Buffer size problem for mpi_send

Source: Internet
Author: User

Recently has been busy with the process of moving the problem, in fact, it can not be simpler: is the company tuned an MPI program to move to the big system of GZ run, this thought that there is no problem of a step to achieve a variety of problems, both encountered the compilation of the problem (mentioned in the first blog) and resolved, The operation of the program was also faulty. The error message is "Fatal error in Mpi:other MPI error" and the dead process is the sending process, which makes me baisibuxie.

Then I doubted the various ways: first, using GDB debugging, but the problem is that because of the need to modify the-o3 optimization options to debug the MPI program, which caused the program to run very slow ... and so on, and then I had to return to the most original output debugging, but I was surprised to find that The information should be output is not output or not in sequence output, it is confusing, asked your Xin just know because the buffer may be dissatisfied, so the use of flush solves the problem (syntax for:cout<< "output content" <<......<<flush) With the help of the output information, I gradually locked the error location on a statement that sent a large file with Mpi_send, because I found that sending other information such as file name, size and other small information can be received normally, but when sending a file, I suspect that it may be a buffer size problem. Because the file name and other information of the buffer set to 100 bytes, and send the file is larger, the use of circular send, the buffer size is set to 1MB, before running on the company, this setting is no problem, and in order to reduce the communication overhead I would like to change, such as 10MB or larger, But on the big system ran on the problem, in the maintenance staff over there, I adjusted the size of the buffer sent, and finally found that the <64KB buffer sizes can run normally, but >=64KB will report the above error, may be the specific implementation of MPI caused by different.

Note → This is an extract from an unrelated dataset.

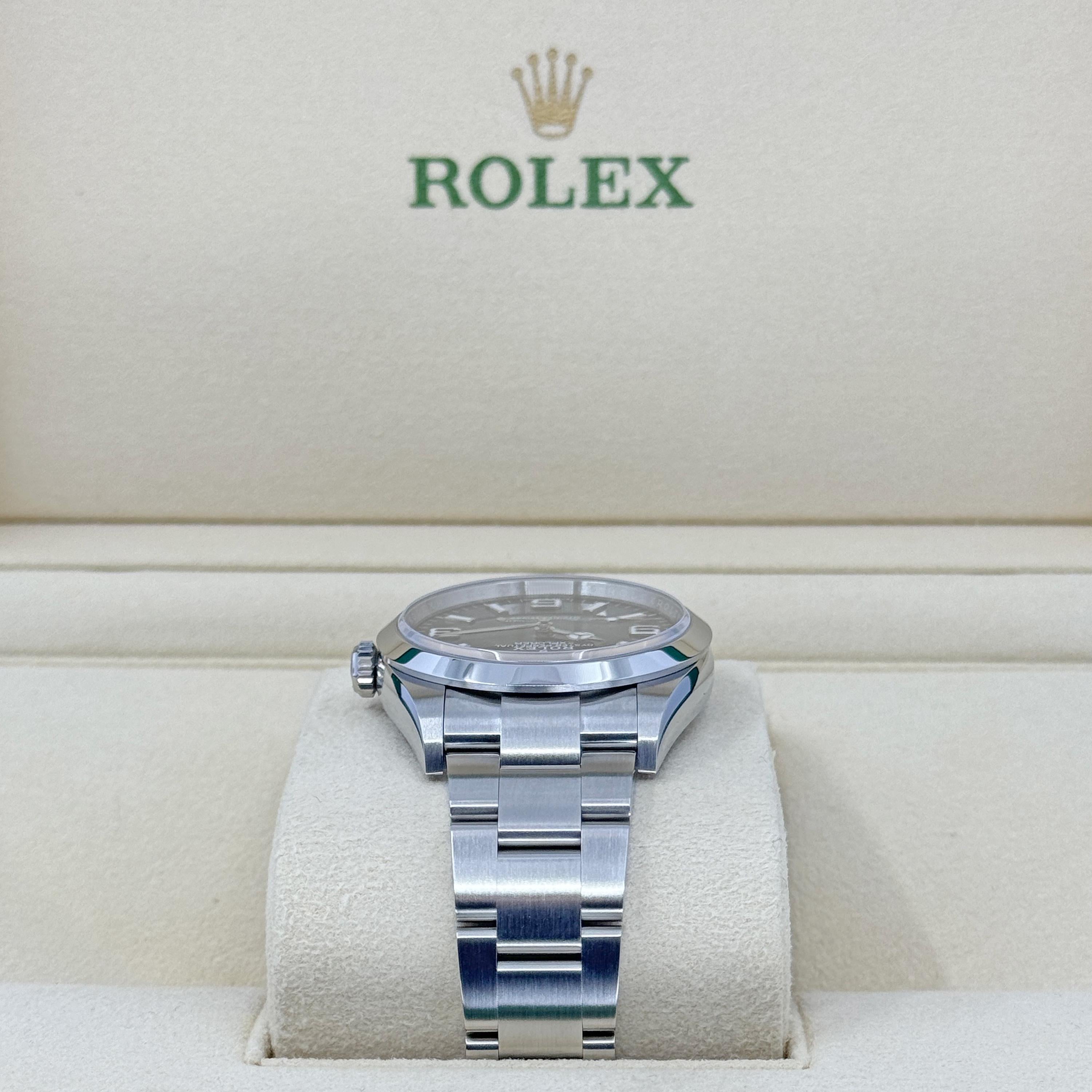 Ungetragene Rolex Explorer Reference# 124270, Komplettset, 2025 im Angebot 2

So I started to try to use the MPI send buffer mode instead of the standard mode, buffer mode is actually the user-supplied buffer instead of the system buffer, as a matter of fact there is no size limit, the approximate step is to apply for a large buffer, and then use Mpi_buffer_ Attach the buffer to MPI, when calling Mpi_bsend, the contents of the Mpi_bsend send buffer are copied to the user-supplied buffer and then returned to execute the next command, and MPI sends the content to the receiver in the background from the user's buffer. But because I want to loop send, so continue to execute, it may not have been sent, the next mpi_bsend may copy the content to the user buffer, resulting in the loss of the first message, so after each execution mpi_bsend use Mpi_buffer_ Detach the user's buffer is emptied, this emptying is blocking, that is, wait for the content to be sent to empty, to ensure the integrity of the data. It is important to note that although the parameter requirements of the Mpi_buffer_attach and Mpi_buffer_detach are similar, the first parameter of the former is the first address of the buffer, which is intended to tell the MPI user where to provide the buffer, The second parameter is the size of the buffer, the first parameter of the latter is the address of the first address, in fact, the void * * Type, the second parameter is the buffer size of the address, the purpose is to rewrite the contents of these two addresses. (See the attachment Code) changed, I in the company and GZ were tested, in the company can operate normally, GZ found still can not break the limit of 64KB, had to ask the administrator to adjust this limit, anyway, finally found the cause of the problem.

Also met a weak question, also here, is to remind yourself: before adjusting the size of the send buffer, I found that the adjustment to 10MB there will be a paragraph error, Baisibuxie also fart son to ask your Xin, the original is I have been static statement of the array uh ... Static declaration of the array can not be too large, generally not more than 1~2MB, the array of large words must be dynamic declaration AH ~ ~ ~


Contact Us

The content source of this page is from Internet, which doesn't represent Alibaba Cloud's opinion; products and services mentioned on that page don't have any relationship with Alibaba Cloud. If the content of the page makes you feel confusing, please write us an email, we will handle the problem within 5 days after receiving your email.

If you find any instances of plagiarism from the community, please send an email to: info-contact@alibabacloud.com and provide relevant evidence. A staff member will contact you within 5 working days.

A Free Trial That Lets You Build Big!

Start building with 50+ products and up to 12 months usage for Elastic Compute Service

  • Sales Support

    1 on 1 presale consultation

  • After-Sales Support

    24/7 Technical Support 6 Free Tickets per Quarter Faster Response

  • Alibaba Cloud offers highly flexible support services tailored to meet your exact needs.